There is no way, NONE, to establish a bisexual character that will not ruffle feathers.

I'm still angry about this and here's why. Multiple bisexual people told the person I'm subtweeting that their bisexuality was a "surprise" for them. Their response? "Fine, but that's Real Life. FICTION has to follow NARRATIVE RULES." MY SEXUALITY IS NOT CHEKOV'S GUN.
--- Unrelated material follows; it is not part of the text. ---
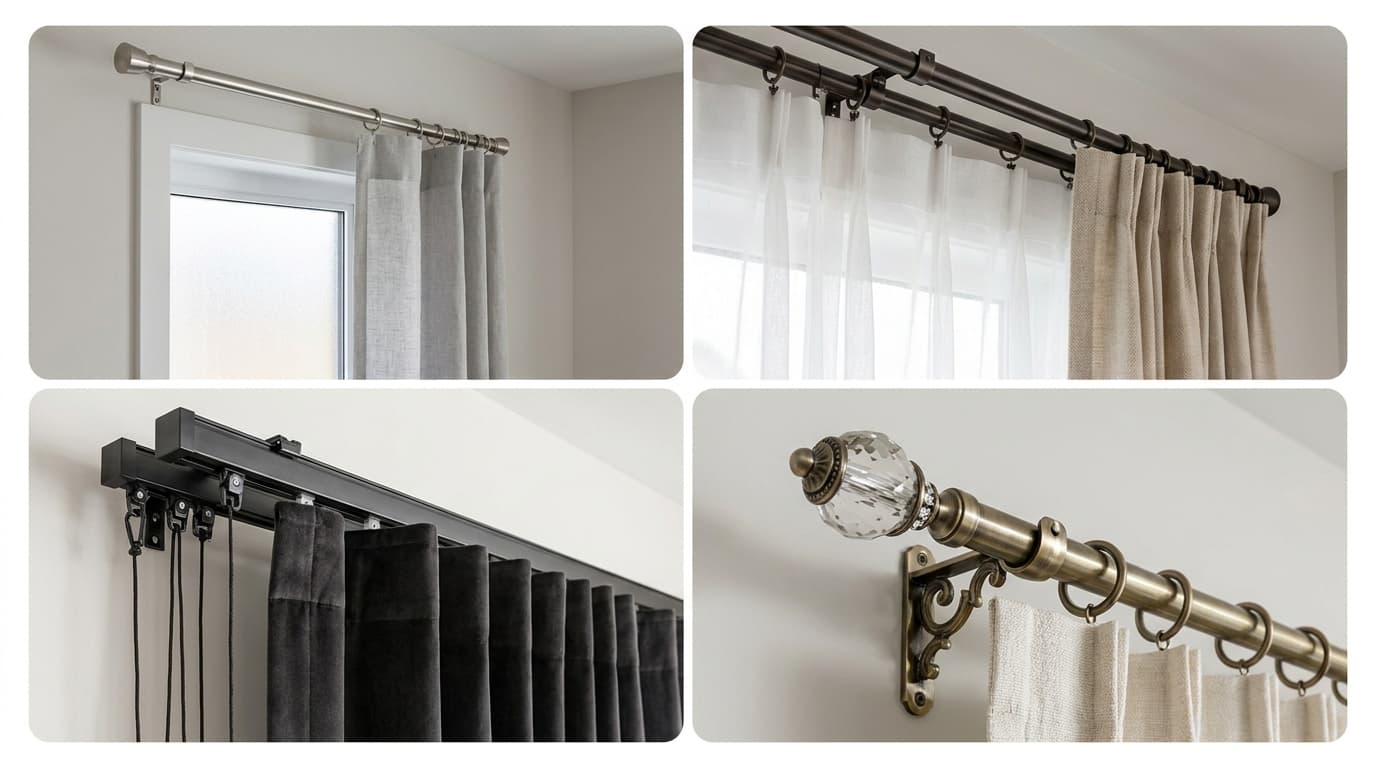 Close-up view of different curtain panels hanging styles on a rod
We are allowed to have REALISTIC, messy, complicated bisexual rep. We don't have to follow Robert's Rules of Order for Coming Out. Bisexuality isn't a PLOT POINT that has to follow narrative rules. Bisexuality isn't a TROPE. Bisexuality isn't a gun over the mantle. Yes, fiction has to follow stricter rules than reality in service to a plot. BUT REPRESENTATION IS NOT A PLOT POINT. Yes, a major plot twist can't be introduced 900 pages in. BUT MY SEXUALITY ISN'T A PLOT TWIST. This person is treating bisexuality as a narrative device that has to follow literary conventions and I am just. NO.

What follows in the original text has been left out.